(Requirement): In your copy, include every entry exactly as written but no pictures.

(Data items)
++++++++++++++++++++

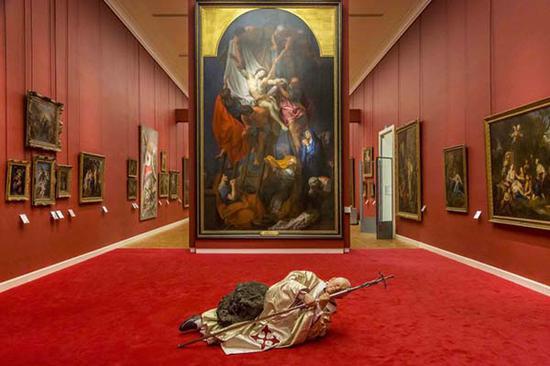 卡特兰的作品《La Nona Ora》,©Maurizio Cattelan‘s Archive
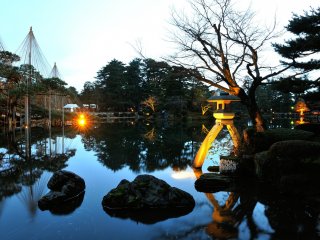 Đèn lồng Kotoji ở Ao Kasumigaike. Đây là nơi nổi tiếng nhất trong Vườn Kenrokuen.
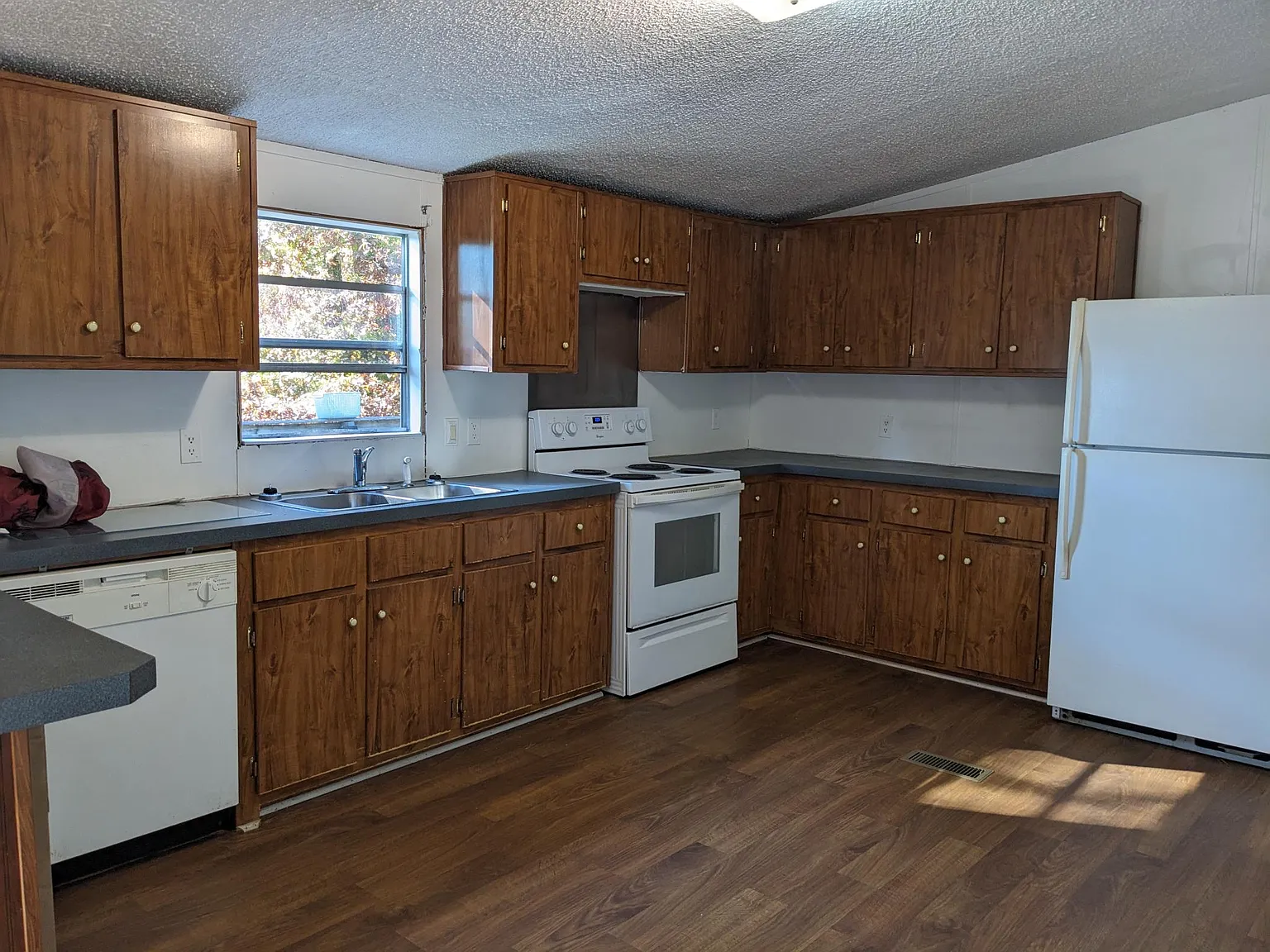 3 bed, 1960 sqft, $1,175 — Photo 3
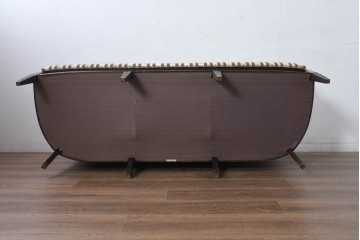 中古　カリモク家具(karimoku)　domani(ドマーニ)　QUEENS LIFE(クイーンズライフ)　クラシカルな空間を演出する3人掛けソファ　定価約55万7千円相当　(R-084591)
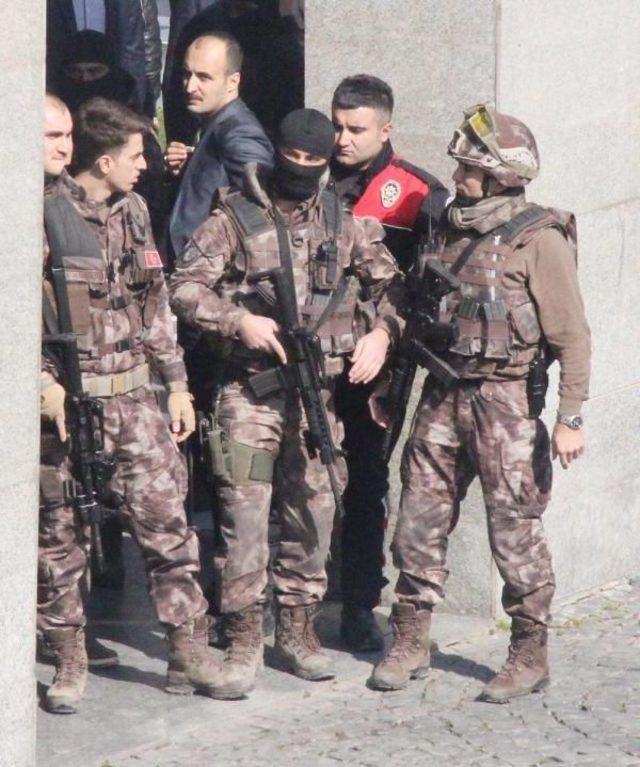 Belediye &Ouml;n&uuml;nde Tabancayla Intihar Girişimi 3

++++++++++++++++++++

(Written answer):
 卡特兰的作品《La Nona Ora》,©Maurizio Cattelan‘s Archive
 Đèn lồng Kotoji ở Ao Kasumigaike. Đây là nơi nổi tiếng nhất trong Vườn Kenrokuen.
 3 bed, 1960 sqft, $1,175 — Photo 3
 中古　カリモク家具(karimoku)　domani(ドマーニ)　QUEENS LIFE(クイーンズライフ)　クラシカルな空間を演出する3人掛けソファ　定価約55万7千円相当　(R-084591)
 Belediye &Ouml;n&uuml;nde Tabancayla Intihar Girişimi 3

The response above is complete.